Could the GOP sweep both houses of Congress and the presidency in November? That outcome would be a nightmare scenario for many Americans, but it’s possible.
The combination of a less than popular Democratic president seeking re-election, a Senate class that includes many more vulnerable Democratic than Republican seats, and a Democratic Party filled with voters who are so unhappy with President Joe Biden that they stay home in November could produce a Republican president and GOP control of both houses of Congress.
Democrats note the economy looks strong, inflation has slowed, and the stock market has rebounded. They point to important infrastructure and semiconductor legislation in arguing that the Biden administration is not getting the credit it deserves.
Politically, Biden’s weak job approval poll numbers seem to be offset by Democratic electoral successes this year in places like Pennsylvania, Wisconsin, and even Ohio. Abortion looks like a strong Democratic issue nationally, as does gun control.
But the public is in a sour mood. In the past, that has made it difficult for the party of the incumbent president to get credit for his successes. Unfortunately for Democrats, there is plenty of bad news out there, including chaos at the southern border, the war in Ukraine, and crime in large cities.
Poor Democratic turnout would all but guarantee a strong Republican year, even though former President Donald Trump has done his best to alienate swing voters, moderates, and suburbanites.
If Biden isn’t getting credit now for the economy and his legislative accomplishments, why should anyone believe he will in November?
Democrats rightly point out that most voters haven’t focused on November’s elections, arguing that when they do, they will not see the presidential balloting as a referendum on Biden but rather as a choice between Biden and Trump.
Whatever Biden’s shortcomings, he isn’t an authoritarian who would use government against his adversaries, thereby undermining key institutions (including a free press and the civil service).
But the existence of anti-establishment candidates in the general election — including Robert F. Kennedy, Jr. and Cornel West — could well make it more difficult for Biden in the fall.
Biden drew a bit more than 7 million more votes than Trump did in 2020, yet the election came down to the Democrat’s relatively small margin in a handful of states. It’s important to remember that Democrats overperform nationally in the popular vote because the party wastes so many votes in California and New York.

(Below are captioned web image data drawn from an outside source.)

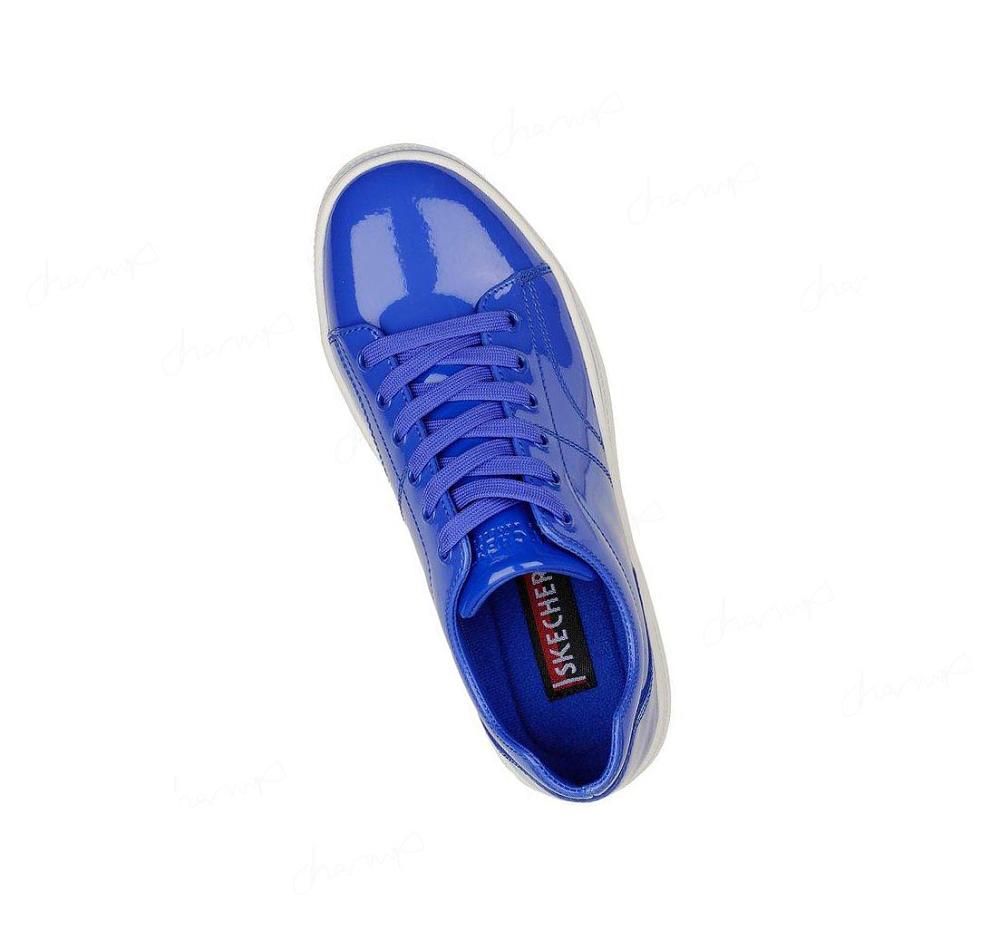 Zapatos Casuales Skechers Roadies - 90SBBY Mujer Azules | 3699A_AR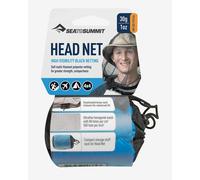 Sea To Summit Head Mosquito Net Black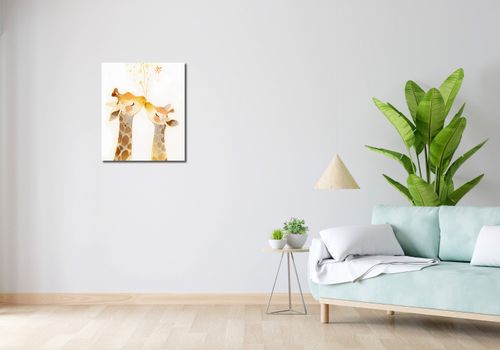 Obraz 50x60cm Czułość w Miłości na Arena.pl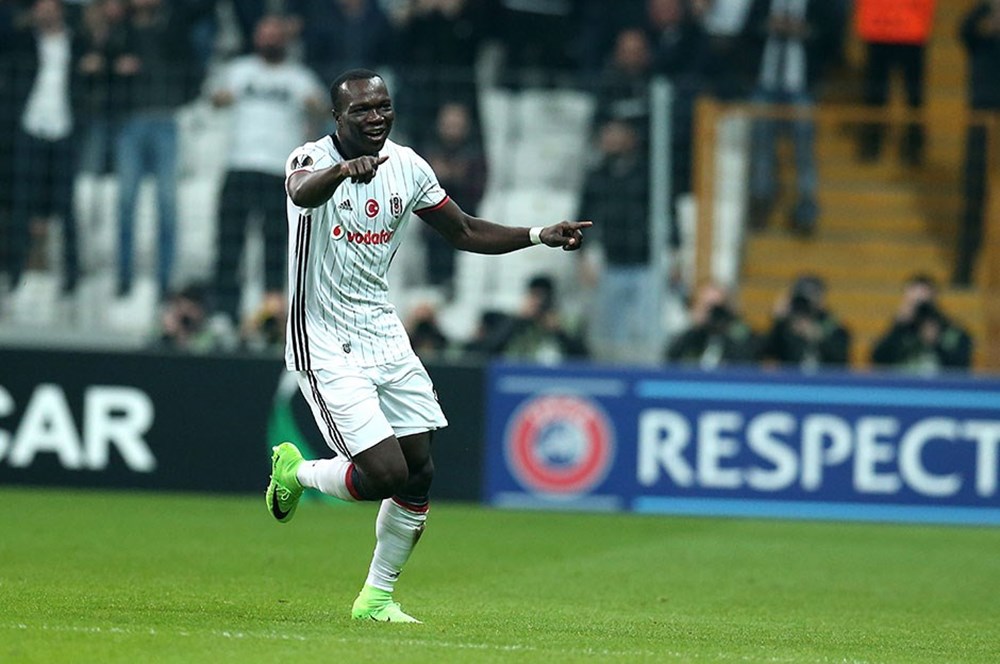 Aboubakar her kulvarda atar! - 1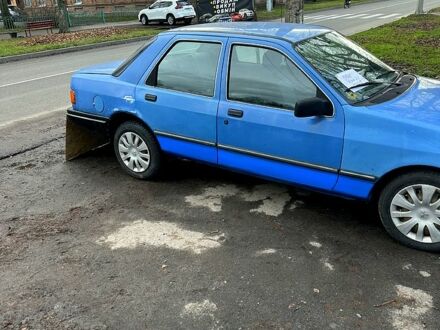 Форд Сієрра, об'ємом двигуна 2.3 л та пробігом 260 тис. км за 700 $, фото 1 на Automoto.ua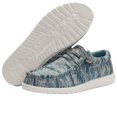 thumbnail image 3 of Hey Dude Mens Wally Sox Polar Camo - Size 12, 3 of 5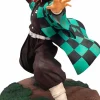 Demon Slayer - Tanjiro Kamado Exceed Creative 6.5" PVC Statue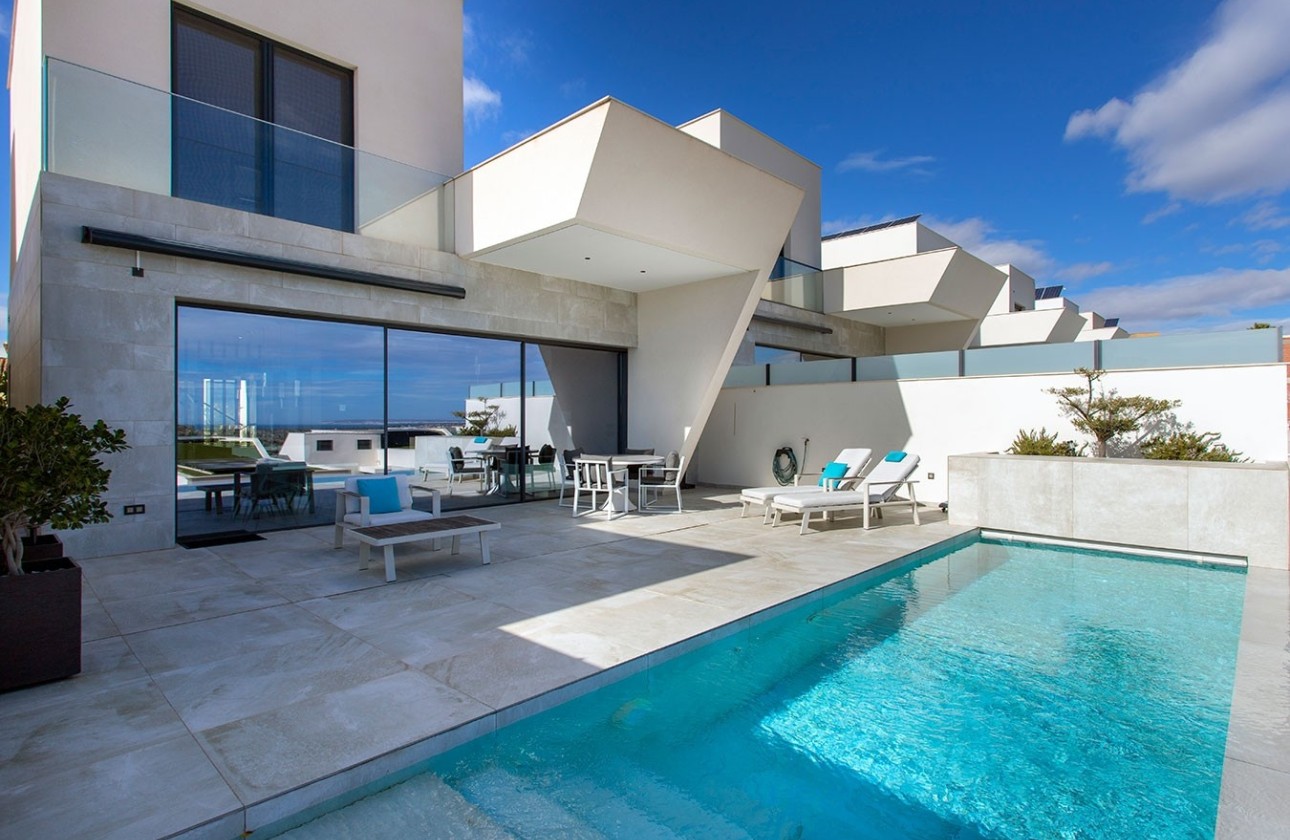 Revente - Villa Individuelle -
Ciudad Quesada - Rojales - Ciudad Quesada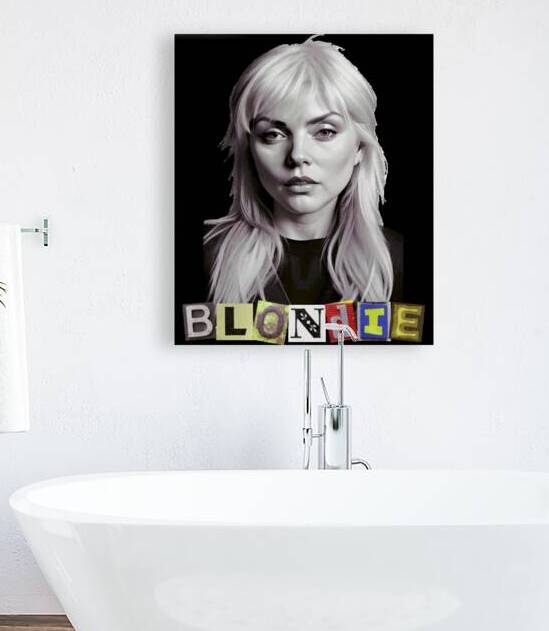 Blondie 39 by KhoaNguyen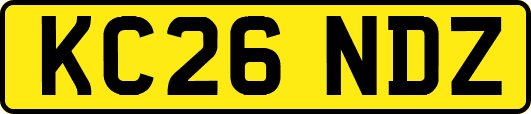 KC26NDZ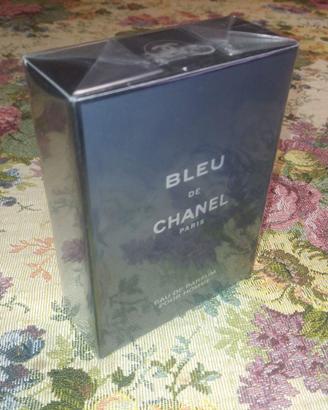Bleu de Chanel eau de parfum
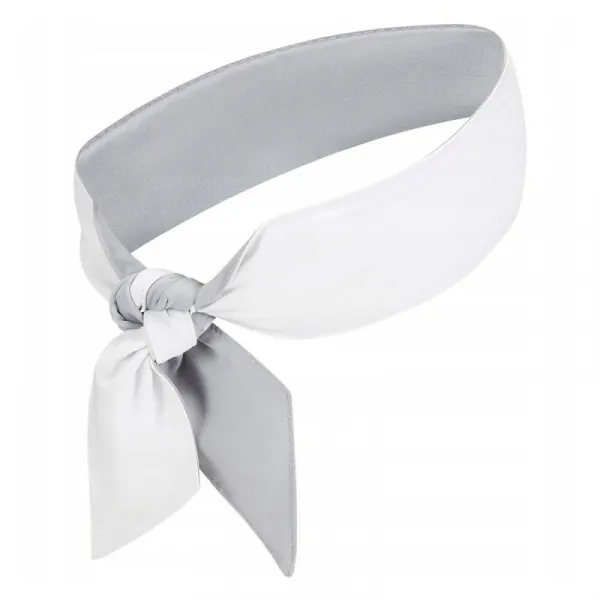 Čelenka NIKE TENNIS HEADBAND WH BK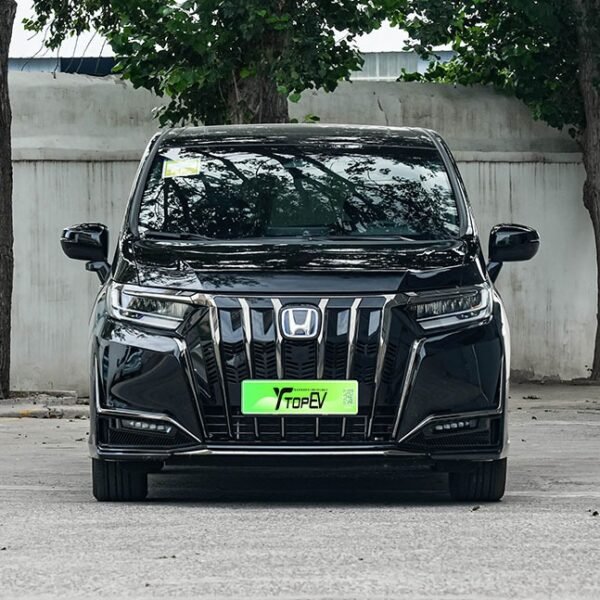 Honda Elysion 2026–– Factory Price From China |  Chinese Ev Cars in Ethiopia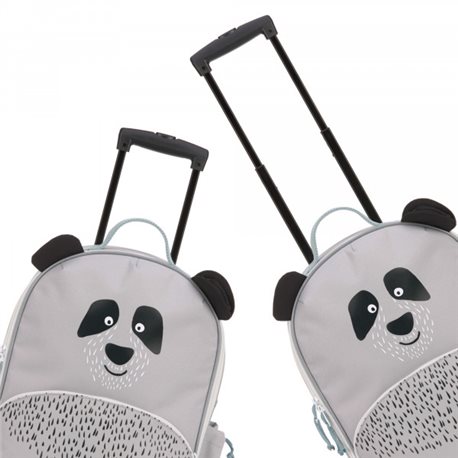 Trolley Panda 3D Lassig Trolley Panda 3D Lassig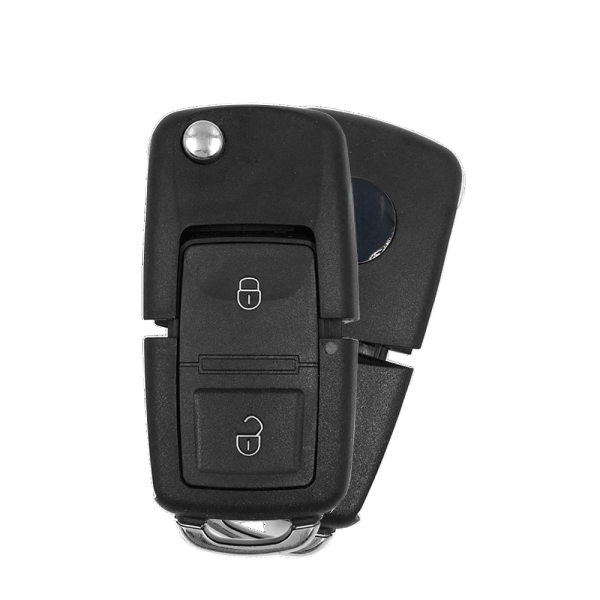 2 Buttons Universal wired remote FK01-2
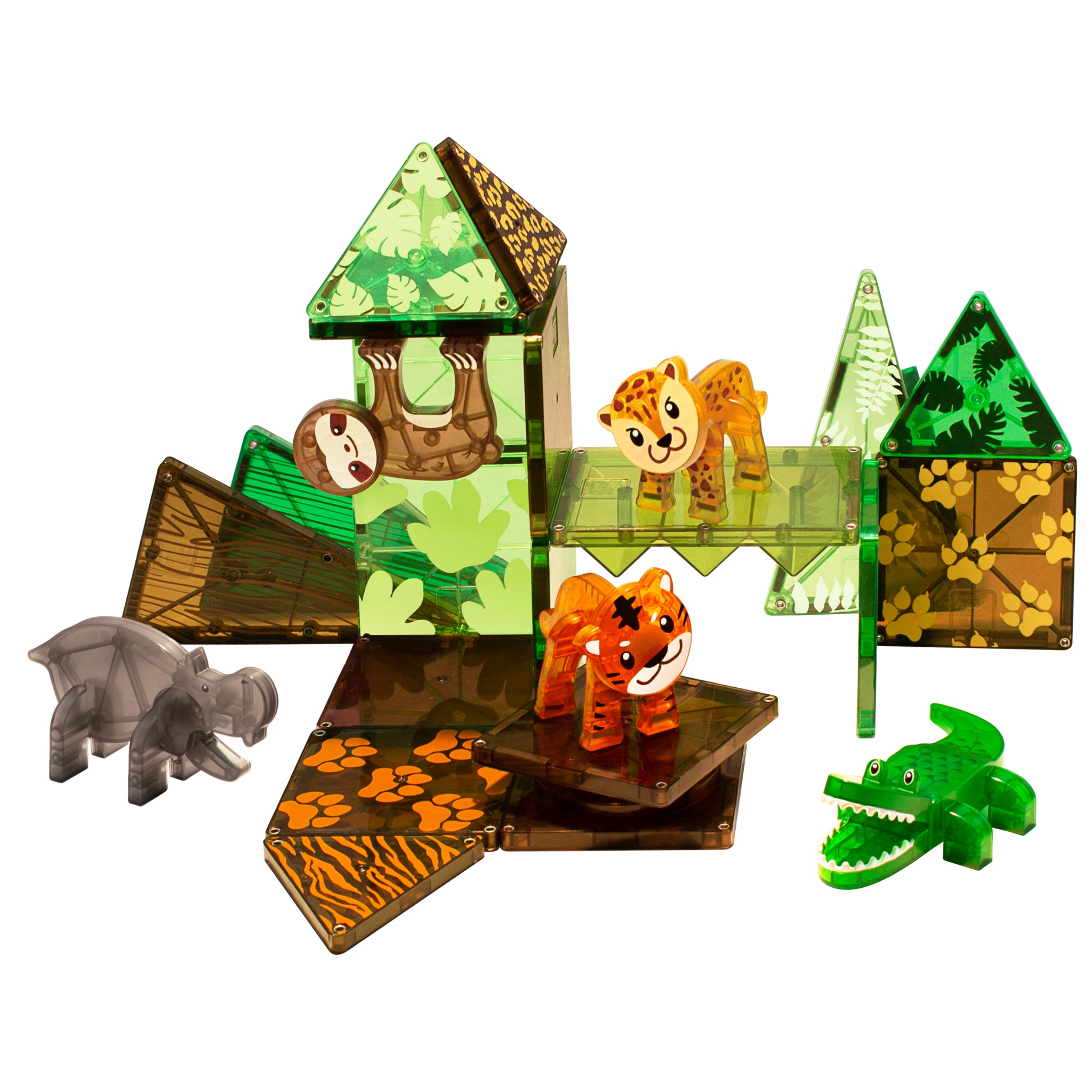 Jungle? 25 Piece Set - Image 4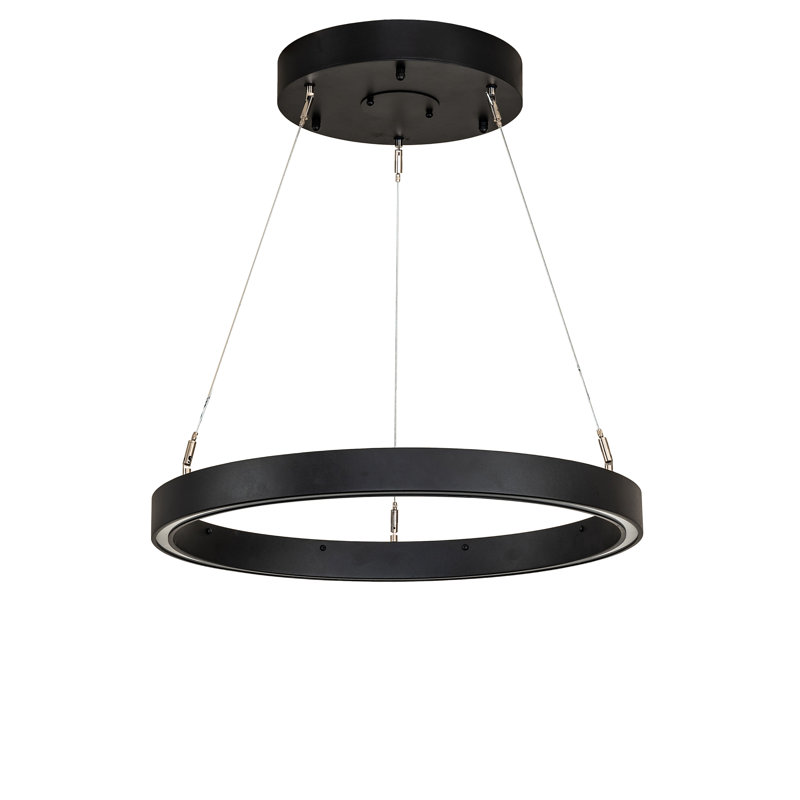 1 - Light LED Pendant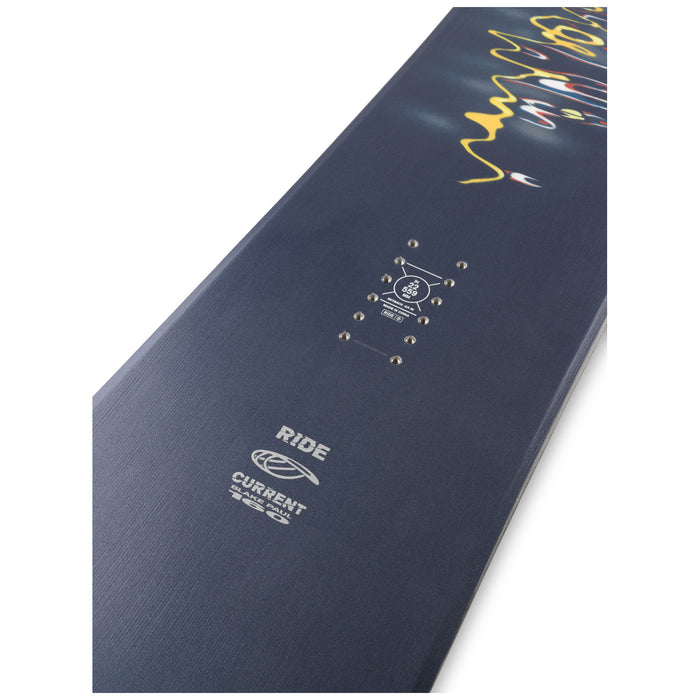 Ride Current Snowboard 2027
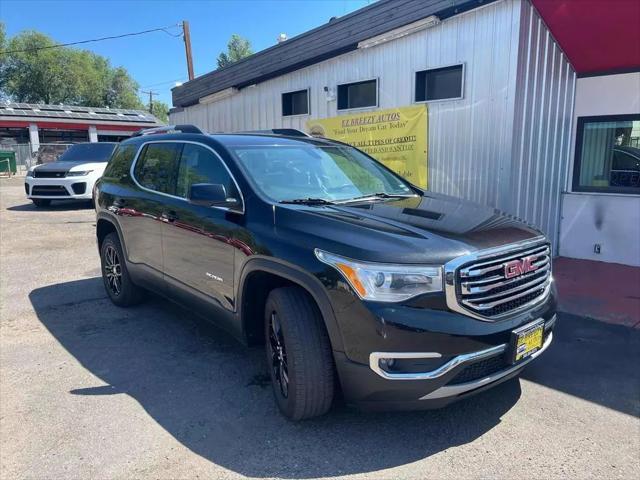 2019 GMC Acadia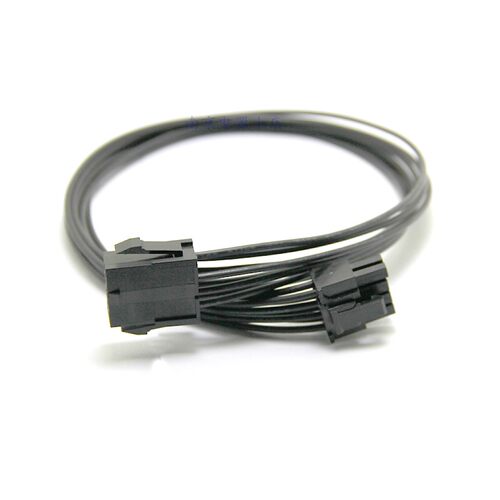 cpu8pin转显卡8pin cpu8pin转PCI-E供电线 cpu8pin转6+2pin转接线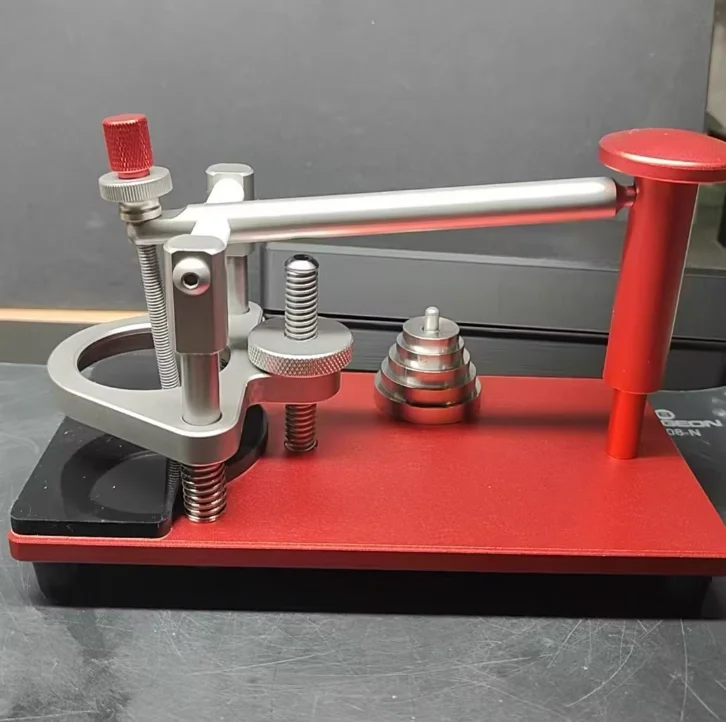 Repair Tool, Professional Glass Opening Tool, Seamless Disassembly of Watch Glass, Watchmaker Repairing
Repair Tool, Professional Glass Opening Tool, Seamless Disassembly of Watch Glass, Watchmaker Repairing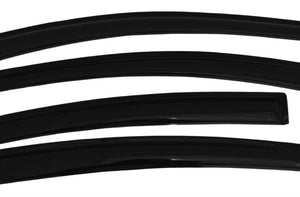 Product of Auto Ventshade (AVS) 94615 Ventvisor Outside Channel Rainguard 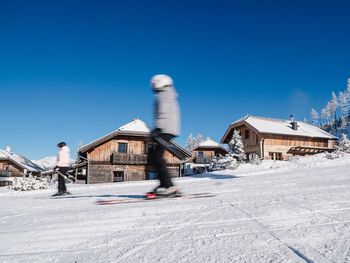 Almdorf Katschberg - Salzburg - Österreich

Democratic strategists clearly want to make November’s election a referendum on Trump and his threat to democracy. If they can do that, Biden has a reasonable chance to win. But it is far from certain that Democrats succeed when their own nominee has such glaring weaknesses.
Meanwhile, the fight for the Senate must be giving Democratic strategists a migraine headache.
Democrat Joe Manchin III is not seeking reelection, which virtually guarantees that his West Virginia seat will flip to Republicans in November. That will drop the Democrats from 51 seats to 50 seats.
Incumbent Democratic senators in Montana and Ohio will need to overcome substantial Republican advantages at the top of the ticket. If they can’t, the GOP surely will take back the Senate.
GOP strategists believe they can flip seats in Arizona, Nevada and Pennsylvania, and Democratic Senate seats in Michigan and Wisconsin could also be at risk, especially if key Democratic demographic groups stay home in the fall.
Yes, Democrats may be on the attack in Texas and Florida, where Republican Senate incumbents have some weaknesses, but the overall outlook for the Senate is bordering on the bleak in the fight for Senate control.
The House, on the other hand, gives Democrats some reason for optimism, according to all the major House handicappers.
Redrawn districts should provide Democrats multiple opportunities in New York state, which could turn the House into a real battleground — but only if Democratic turnout doesn’t plummet generally and in important minority districts and suburban seats, in particular.
Democrats must continue to hope that they can ultimately make the 2024 election into a referendum on Trump and the threat he poses to democracy. If they can do that, Independents and crucial Democratic constituencies who now appear unhappy with Biden could be mobilized.
That would make current polling obsolete, fundamentally altering the trajectory of the 2024 contest.
A GOP sweep in 2024 certainly is not guaranteed. But it is possible, especially given Biden’s current standing. For Democrats, avoiding the worst-case scenario is an absolute necessity. So is returning to the White House.